В день, назначенный для судопроизводства, процесс начинался вызовом или приглашением подсудимого предстать на суде. Этот вызов производился через послов, которым вручалась призывная к подсудимому грамота: и то, и другое на церковно-судебной практике составляло необходимую часть «канонического судопроизводства»395. Обыкновенно послами были отправляемы духовные лица, и притом не менее двух, равной степени с подсудимым (к епископу – не менее двух епископов396, к пресвитеру – не менее двух пресвитеров). Таких послов мы встречаем при всех важнейших процессах IV и V вв., например, в процессах святого Златоуста, Нестория, Евтихия, Диоскора и других397. Призывную грамоту послы должны были вручить подсудимому непременно в собственные его руки и принести от него, по возможности, точный ответ, а также передать собору и все то, что он скажет при этом.
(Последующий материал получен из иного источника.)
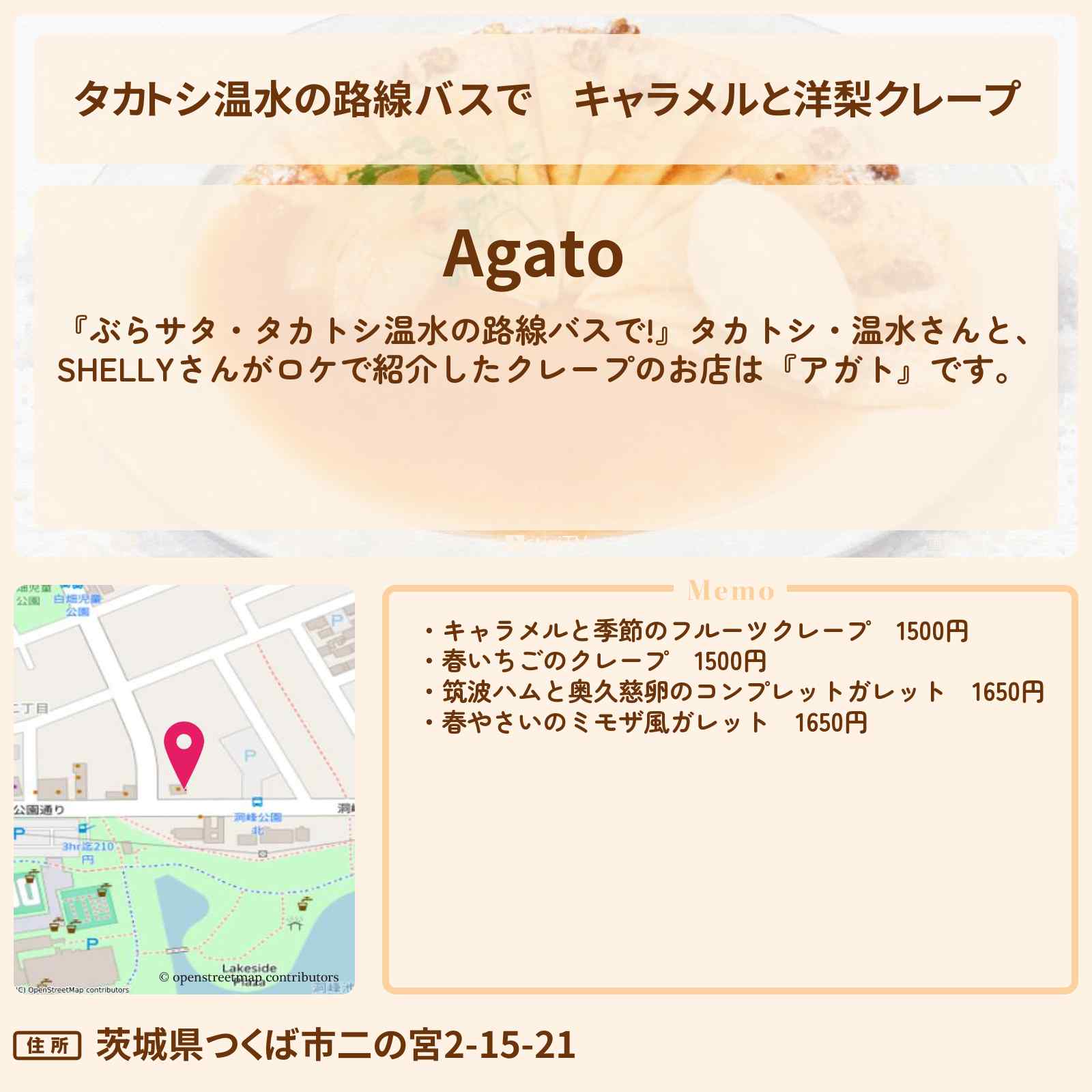 【タカトシ温水の路線バスで】キャラメルと洋梨クレープ『アガト』茨城県つくば市・牛久ロケのお店の場所〔SHELLY〕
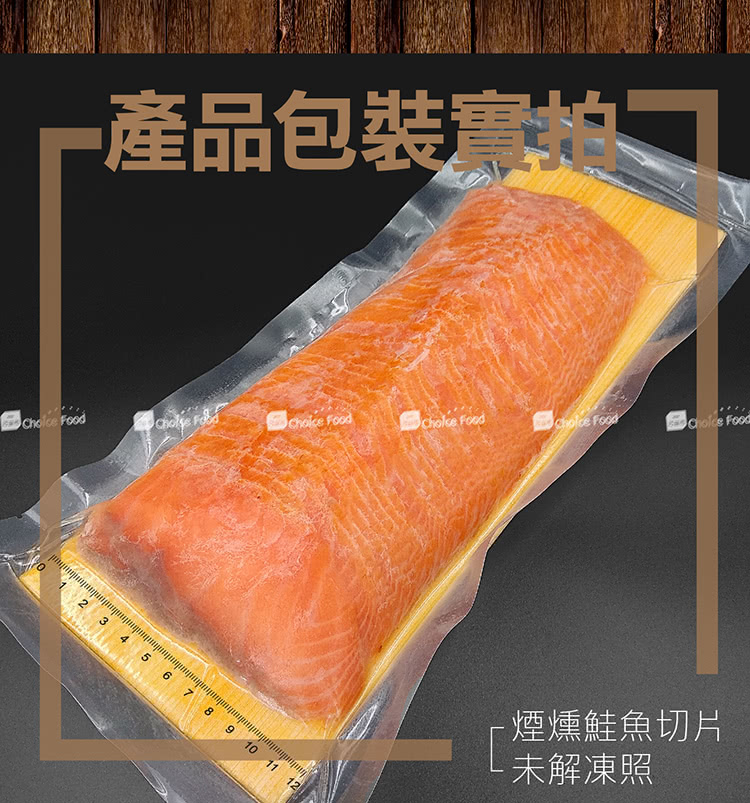 巧益市 挪威煙燻鮭魚切片2包 500g 包 Momo購物網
С этой целью с послами отправляем был иногда и нотарий398. О возвращении послов обыкновенно докладывал первый из нотариев399, после чего судьи обращались к ним с предложением – рассказать по порядку все, что выслушали они от подсудимого в ответ на призыв суда. На это послы, каждый отдельно, с мельчайшими подробностями передавали весь разговор свой с подсудимым, а также сообщали собору обо всех обстоятельствах, при которых приходилось им находить себе доступ к обвиняемому. Эта настойчивость послов – непременно видеть подсудимого лично и непременно самому ему передать призывную грамоту и затем строгая ответственность их за неточное донесение собору слов подсудимого – объясняется тем, что их показания за упорством подсудимого явиться на суд служили формальной против него уликой: при постановлении заочного приговора суд основывался на них как на свидетельских показаниях400. Таким образом, этот обычай имел в действительности очень важное значение для судей, доставляя им возможность всегда выполнить то основное начало церковного судопроизводства, по которому приговор постановляется не иначе как на основании показания двух или трех свидетелей.
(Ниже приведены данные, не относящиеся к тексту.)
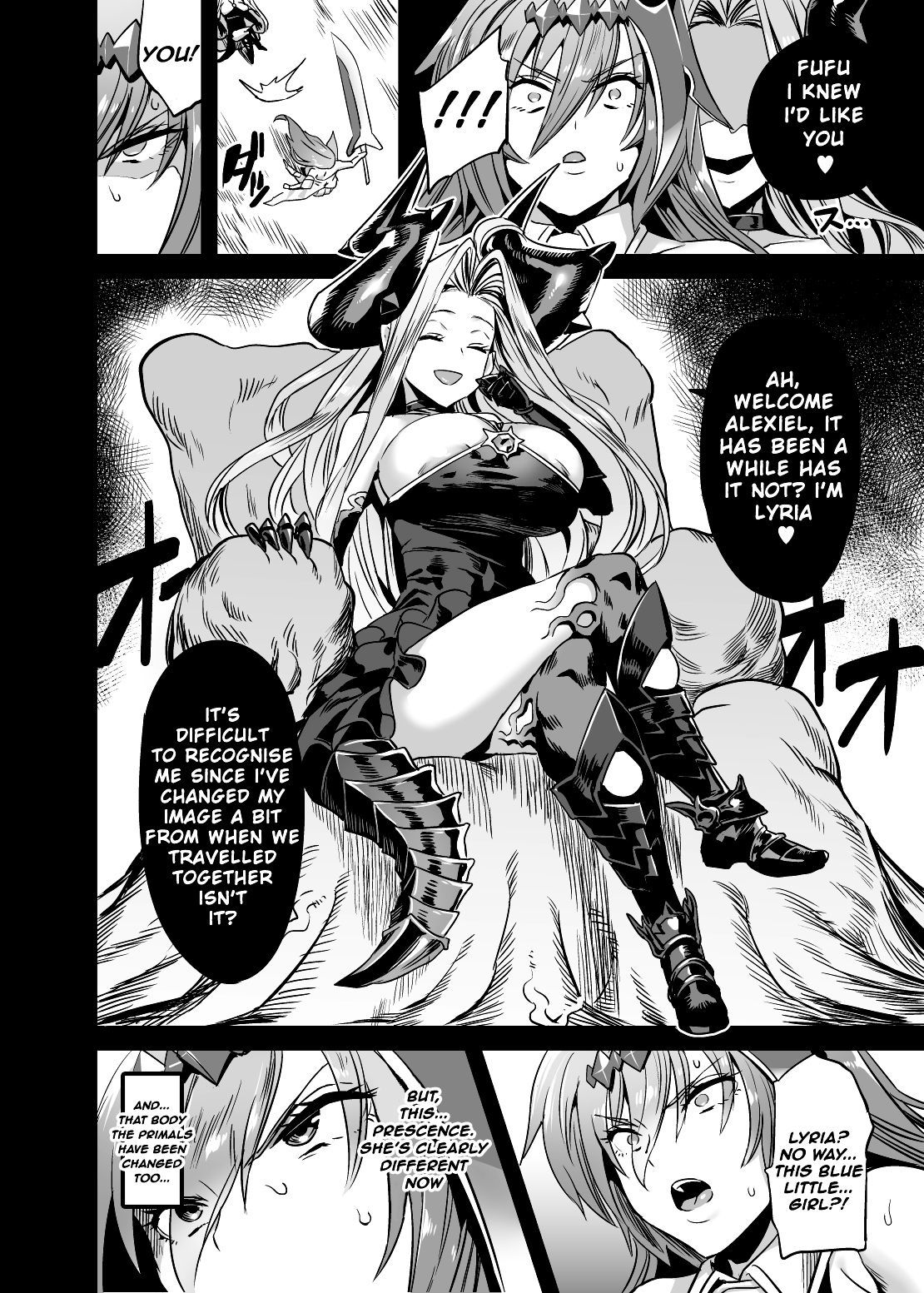 プライマルの人生の嘆願+セックスダンス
После третьего вызова собор считал себя вправе переходить к следующему моменту судопроизводства – следствию, хотя бы подсудимый и не являлся.

Конечно, нельзя сказать, чтобы судебное следствие происходило всегда по одной какой-либо установленной форме и всегда следовало одному неизменному порядку. Поэтому и церковное законодательство ограничивается только общим постановлением, чтобы обвинение было основательно доказано указанными им средствами401, предоставляя порядок применения их к данному случаю самому суду. Напрасно стали бы мы отыскивать и в данных церковно-судебной практики такое единообразие в движении судных дел. И в гражданских судах движение судного дела нередко обусловливается предметом, судящимися лицами и разными обстоятельствами; то же самое нужно сказать и относительно церковного процесса. Дела веры, особенно новые учения, возбуждающие вопрос о несогласии или прямом противоречии их истинному учению церкви, требуют иного образа судебного действования, нежели дела нравственности, предпочитая, например, всем другим доказательствам – письменные (символы веры, творения святых отцов, соборные постановления, сочинения подсудимого); дела в собственном смысле церковные, например, преступления клириков по должности, споры о правах кафедры – опять несколько иного способа судопроизводства и т. д. Иногда из самого состязания судящихся дело раскрывается весьма ясно, так что не требует пояснения допросом свидетелей, и суд непосредственно за ними постановляет решение402. Иногда, напротив, дело весьма значительно осложняется оттого, что являются новые обвинители и свидетели по одному и тому же делу, или же открывается необходимость переисследовать дело на самом месте преступления403. Иногда судящиеся сами ускоряют дело, лично явившись на суд и приготовив предварительно все необходимые для судопроизводства данные, иногда же замедляют своей неявкой, отсрочками и т. д.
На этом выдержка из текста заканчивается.